Compliments of Stuart Harding via Flickr

Compliments of Stuart Harding via Flickr

You don’t understand the concept of a family! To you it’s something you put up with on national holidays! Love is a gift Alex, not an obligation.” Fools Rush In

Achievement, awards, accolades, and peer recognition cloud our minds in the formative years of establishing our careers. A headlong gallop into more, better, bigger, and faster appears to be our primary focus. The fleeting notoriety we accumulate exists on a different plane from that which endures long past material possessions.

Familial ties are what hearken us to the truly significant.

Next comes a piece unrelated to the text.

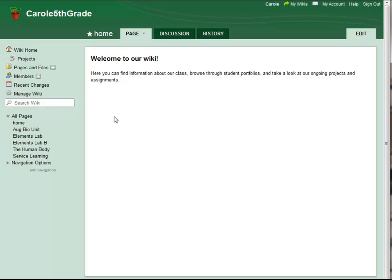Hello, Carol from Wikispaces here. In this video, I'm going to demonstrate the User Creator tool and show you how to use it to create student accounts in bulk, with or without email addresses.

Relatives comprise the essential unit that is irreplaceable (and finite), one that we may not appreciate until we see its dissolution. Family is what we long to grasp forever, but whose grip (over time) for us proves elusive. When it’s gone is when regrets no longer count, when we wish we could have done anything to turn back the clock.

We’re continually caught up in day to day crises that command our immediate attention – creating impassable valleys forged by neglect and a lack of face time. Family should be our primary focus – and not simply a passing diversion that we attend to on birthdays and special occasions.

Individuals aging past their prime will not be with us forever. Making choices – and assessing necessary changes – places what should be our number one priority front and center. Unless you’re clairvoyant, once people have left they’re unreachable.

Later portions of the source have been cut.